▶ Prompt
Repeat each record exactly. Any picture gets left out.

#### Stored data ####

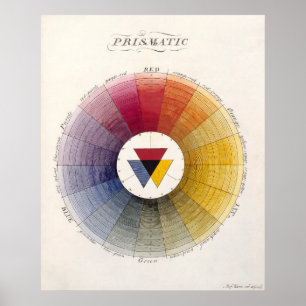 Impresión de rueda de color primático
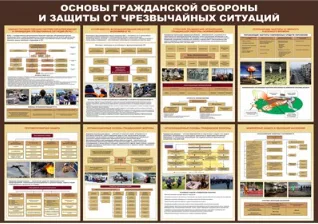 Стенд Основы гражданской обороны и защиты от чрезвычайных ситуаций размер 1000 х 700 пластик 3 мм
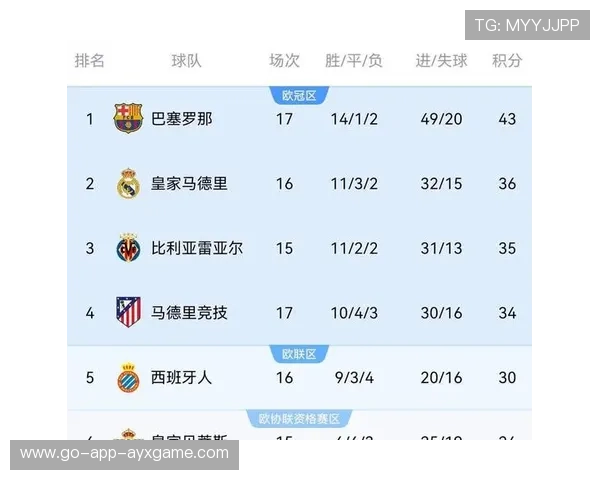 冠军回顾：冠军球队赛季关键胜利节点详解，冠军联赛分组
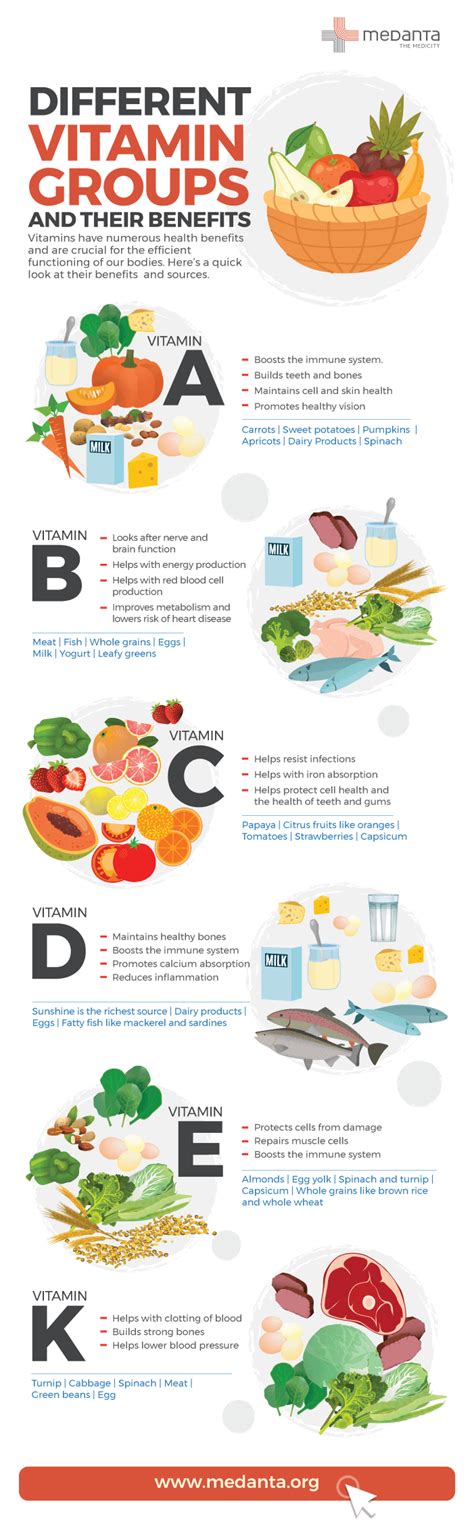 Medanta Vitamins And Their Benefits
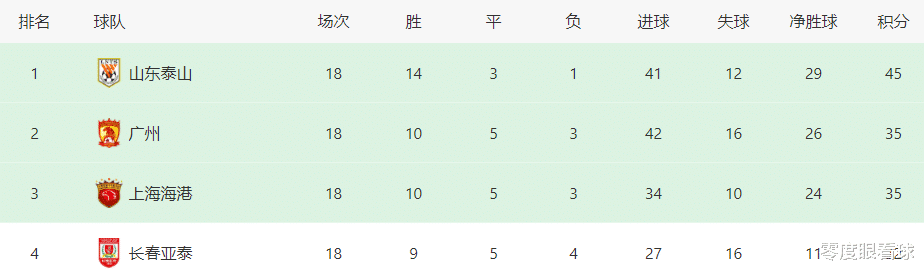 山东泰山|鲁能VS河北首发11人曝光：提前夺冠？4大王牌外援最强出击，本土新锋霸冲锋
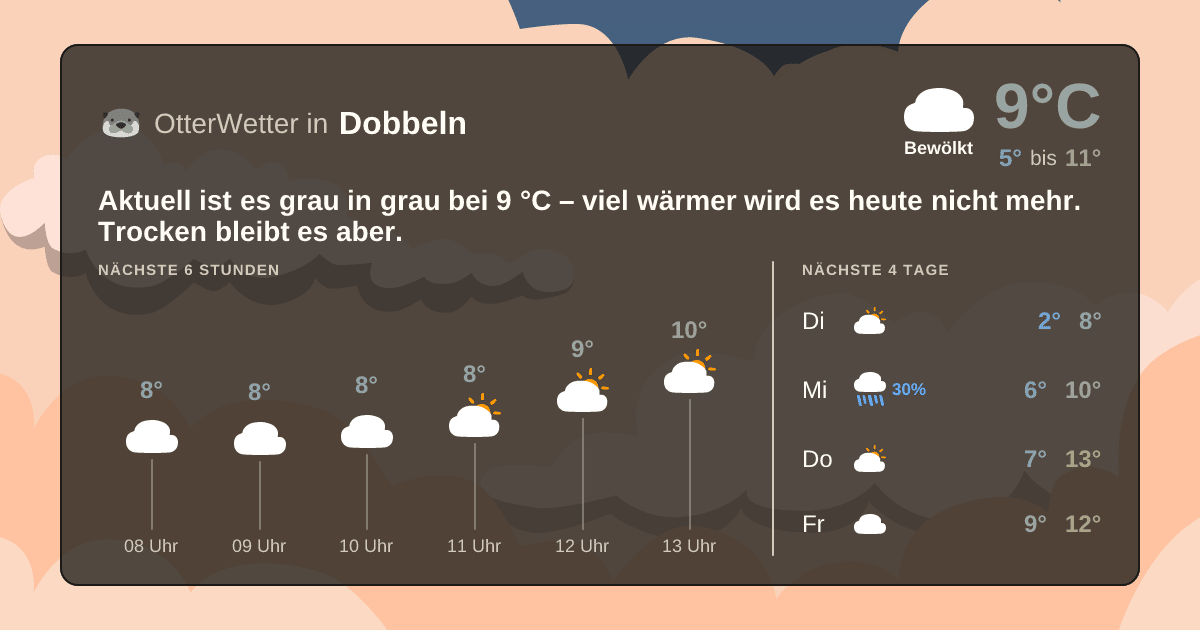 OtterWetter-Widget Dobbeln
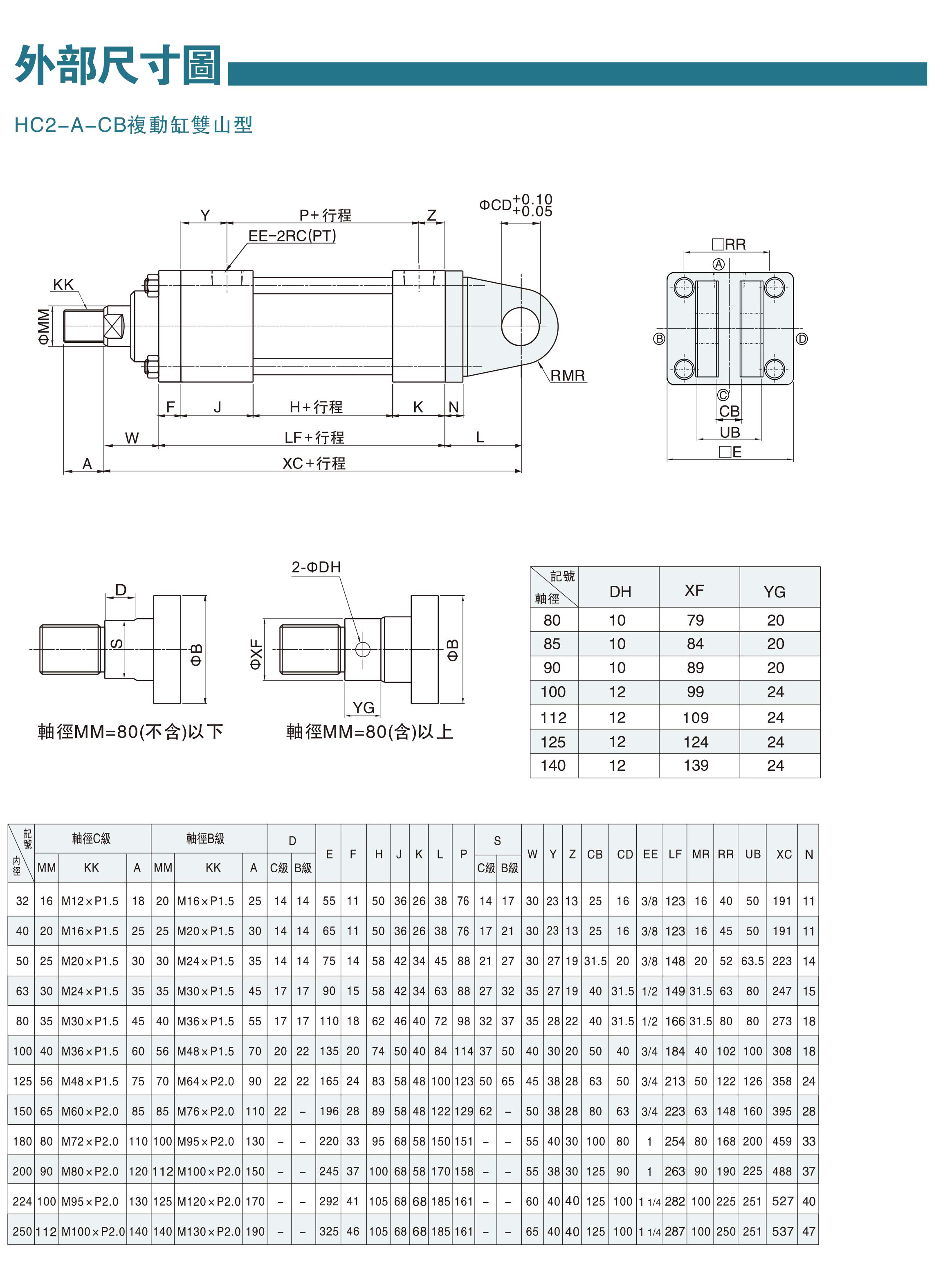 模具油缸资料-7-1.jpg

####

▶ Reply to the exercise
 Impresión de rueda de color primático
 Стенд Основы гражданской обороны и защиты от чрезвычайных ситуаций размер 1000 х 700 пластик 3 мм
 冠军回顾：冠军球队赛季关键胜利节点详解，冠军联赛分组
 Medanta Vitamins And Their Benefits
 山东泰山|鲁能VS河北首发11人曝光：提前夺冠？4大王牌外援最强出击，本土新锋霸冲锋
 OtterWetter-Widget Dobbeln
 模具油缸资料-7-1.jpg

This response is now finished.